Provided data:
---

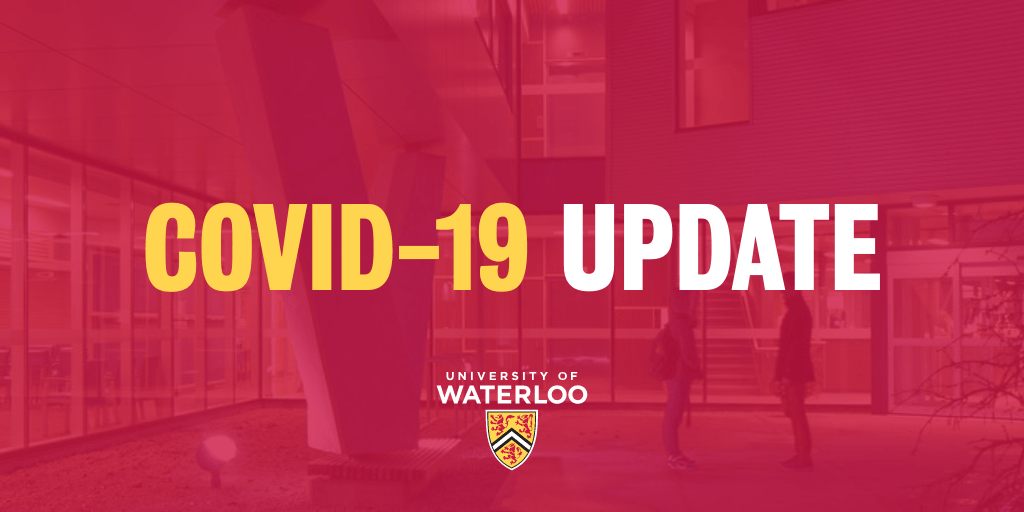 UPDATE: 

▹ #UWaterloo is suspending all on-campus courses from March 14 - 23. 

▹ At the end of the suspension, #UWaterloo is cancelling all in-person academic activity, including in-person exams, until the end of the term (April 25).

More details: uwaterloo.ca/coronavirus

---

Instructions for the task:
Look above for the line that contains "March 14 - 23.". That line and every line after it through the end of the data must be written out exactly, with nothing else.

Written answer:
▹ #UWaterloo is suspending all on-campus courses from March 14 - 23. 

▹ At the end of the suspension, #UWaterloo is cancelling all in-person academic activity, including in-person exams, until the end of the term (April 25).

More details: uwaterloo.ca/coronavirus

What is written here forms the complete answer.